Kiril reached me via gtalk (I don’t know how he found me) and I aggreed to help him. After looking at his logs I found that he was hit by that famous erlang master election thing. After searching my gmail history I found similar case and advised him to restart ns_servers via erlang web shell. Which helped “unstuck” rebalance.

He then had another issue with name resolution (at least one of machines was unable to resolve another, likely being added, machine). So I think case is closed now.

1 Like
#10

I happily confirm that Alexey’s advices helped us and I would like to express my sincere gratitude to @alkondratenko for the support!

#11

What are the steps to resolve this issue?

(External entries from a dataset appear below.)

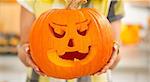 Frightful Treats on the way. Smiling modern housewife in the Halloween decorated kitchen showing big pumpkin Jack-O-Lantern. Closeup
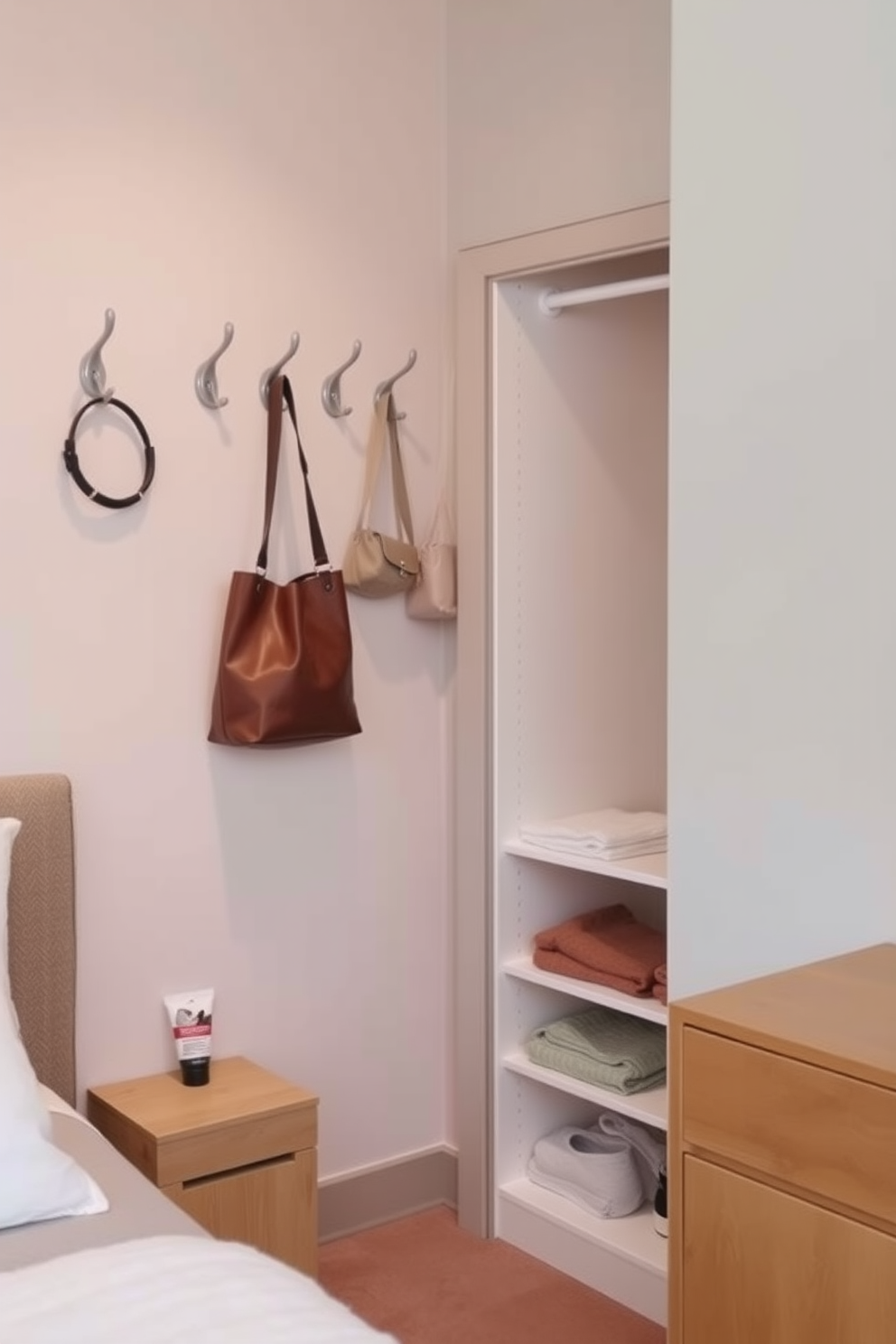 A cozy bedroom featuring a small closet with sliding doors. The walls are painted in a soft beige tone, and the floor is adorned with a plush area rug. In one corner, there is a comfortable bed with a stylish headboard and crisp white linens. A small ottoman is placed at the foot of the bed, providing additional seating and a touch of elegance.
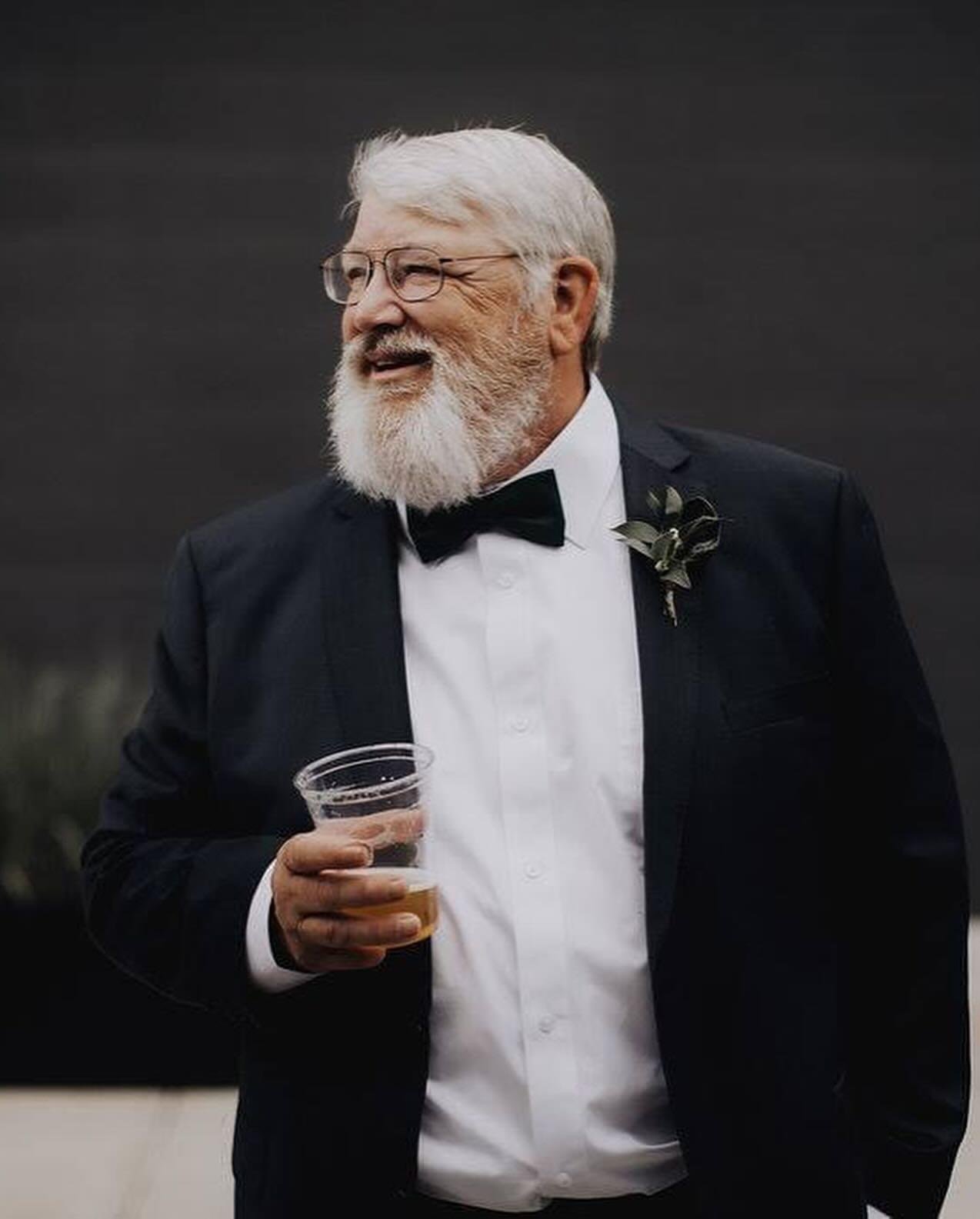 An elderly man with white hair and beard wearing glasses, a black tuxedo, and a bowtie, holding a glass of beer and smiling.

On Couchbase 4.0.0 Community edition encountered pretty much the exact same scenario and are stuck with the exact same issue.

In our case we have 6 nodes in the cluster, one went down temporarily, and auto-failover happened. When the node came back online we added the node back to the cluster and rebalanced. Now we are stuck with “Rebalancing 0 nodes” and no attempts to stop the rebalance nor restart the nodes is working.

Is this an issue since 2.5.1 through 4.0.0?

#12

I’ve tried several ways to workaround this now including:

  1. Taking down the node that the failover happened previously for.
  2. Adding this node back in.
  3. Adding a completely new node to the cluster.

None of these work. There is no option in the UI that works. This seems like a critical bug to have from 2.5.1 through 4.0.0 server versions since there appears to be no immediate workaround to the user. Why is the “Stop Rebalance” button broken?

#13

So… I finally found a workaround: Crash the cluster.

Basically I took down nodes 1-by-1 until the number of downed nodes exceeded the number of replicas by 1, then brought the nodes back up.

I’m really curious as to what the technical details are on behind this bug causing the rebalance to get stuck at 0 nodes. There have been reports of this bug in other forums as well.

We were going to look into our company’s policy on the enterprise edition licenses and have been using the community edition for prototyping, but since this bug appears to be in the erlang layer would this bug occur in the enterprise edition as well?

Very curious on this one since getting stuck in such a state with crashing the cluster as the only recourse is highly undesirable behavior. I wouldn’t want to go to production with an issue like this present.

#14

Hello

Just had the same issue last night and I was wondering whether you could perhaps provide the commands to “restart ns_servers via erlang web shell”? I’m guessing the command will run on each node - how does this impact a running cluster?

Thanks!

#15

I have the exact same issue… I have a cluster of 18 nodes and node 004 had a network issue that forced me to do a hard failover on it. After a reboot and the network link fixed, the node was added back with “delta-recovery” and a rebalance was started.
After 3 days of nothing progressing (stuck at rebalancing 0 nodes) I figured I needed to fix it myself before it came crashing down hard.

So I ran the following command on all the cluster nodes in parallel:
curl -X POST -u Administrator:Password http://localhost:8091/diag/eval --data ‘erlang:halt().’

At that point the nodes were all in a standby state and in the “data buckets” tabs, all buckets had a yellow pie in the “data nodes” column.
I quickly hard-failover my problematic node 004 and the cluster and all buckets went back to ready in less than a minute. I have over 9 billion items in there so for sure there was no “warm up” that happened.

So I rebooted node 004 again and once it came back up, I tried a full recovery this time.
Rebalance is now in progress (I can see it progressing) and I’ll update later on success or failure.

update
I’m not sure when the rebalance finished, but the cluster is now healthy with all 18 nodes in.